April Member Highlight: Rebuilding Together Seattle
HDC’s membership represents the housing continuum with several organizations and causes carving out their own specific approach to ensuring everyone in King County having an affordable, healthy, and safe home. Rebuilding Together Seattle (RTS) is no exception and has their own unique approach to tackling our region’s housing crisis.
Rebuilding Together works to eliminate substandard, unsafe, and unhealthy housing conditions, while strengthening neighborhoods and communities. RTS does so through home repair, home rehab, accessibility modifications, and other improvements at entirely no cost to the homeowner or the nonprofit facility they are assisting. RTS has also begun to work with other organizations on neighborhood-level community revitalization projects that can impact community health and safety.

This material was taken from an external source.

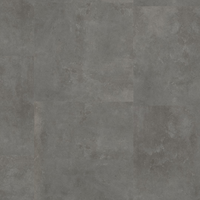 Floorlife Floorlife Victoria Plak PVC Tegelvloer - Grey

RTS programs primarily serve low-income homeowners – a forgotten middle of our housing spectrum and affordable homeownership population. These are often your neighbors who have lived in their home from twenty to fifty plus years. They are low-income seniors, persons with disabilities, veterans, families with children, and other community members with a high risk of displacement, injury or illness, and other adverse outcomes that can lead to housing instability, despite owning their home.
“For our neighbors in need of a little extra support, that physical affirmation that we value them as part of the community fabric and as individual people with dignity and grace is almost as much a reassurance as it is knowing they will be able to age safely in the home and community they love.”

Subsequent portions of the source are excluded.